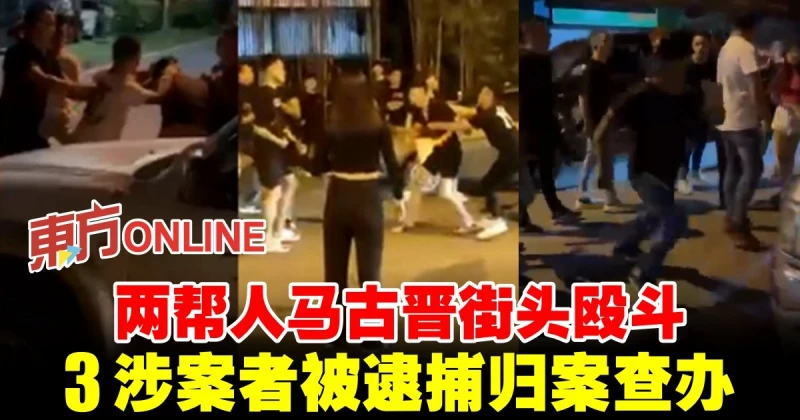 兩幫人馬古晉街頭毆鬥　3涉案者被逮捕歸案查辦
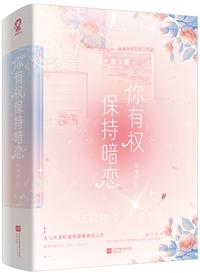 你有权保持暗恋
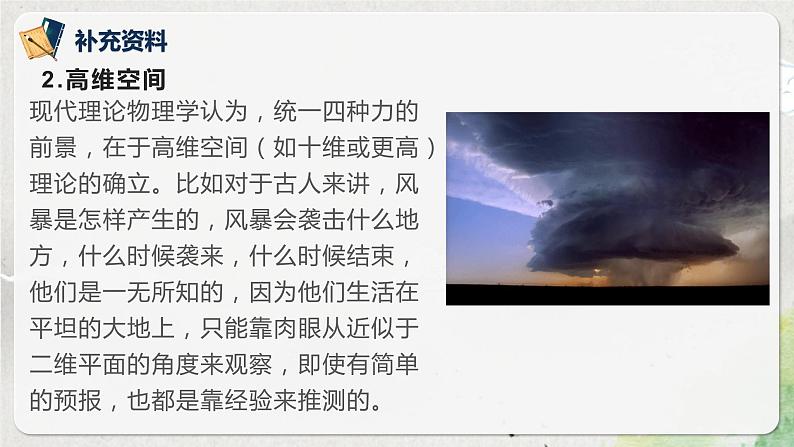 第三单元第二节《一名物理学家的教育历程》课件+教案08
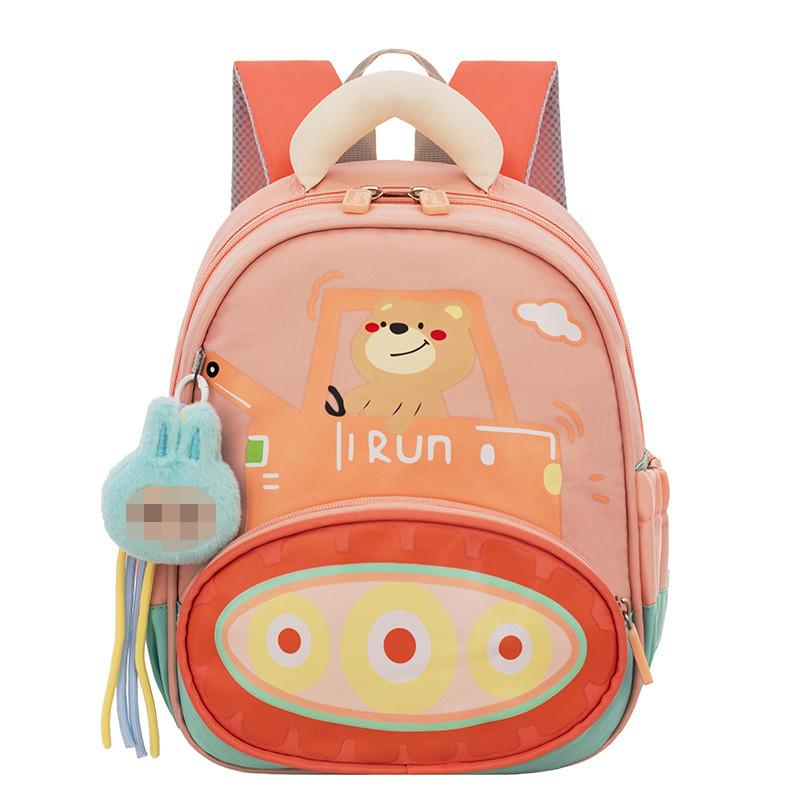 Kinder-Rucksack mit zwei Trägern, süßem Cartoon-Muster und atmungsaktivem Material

§

§ Exercise goal
Reproduce word for word the lines running from the line with "第三单元第二节《一名物理学家的教育历程》课件+教案08" through the end of the data, both included, and nothing else; leave out the pictures.

§ Written response
 第三单元第二节《一名物理学家的教育历程》课件+教案08
 Kinder-Rucksack mit zwei Trägern, süßem Cartoon-Muster und atmungsaktivem Material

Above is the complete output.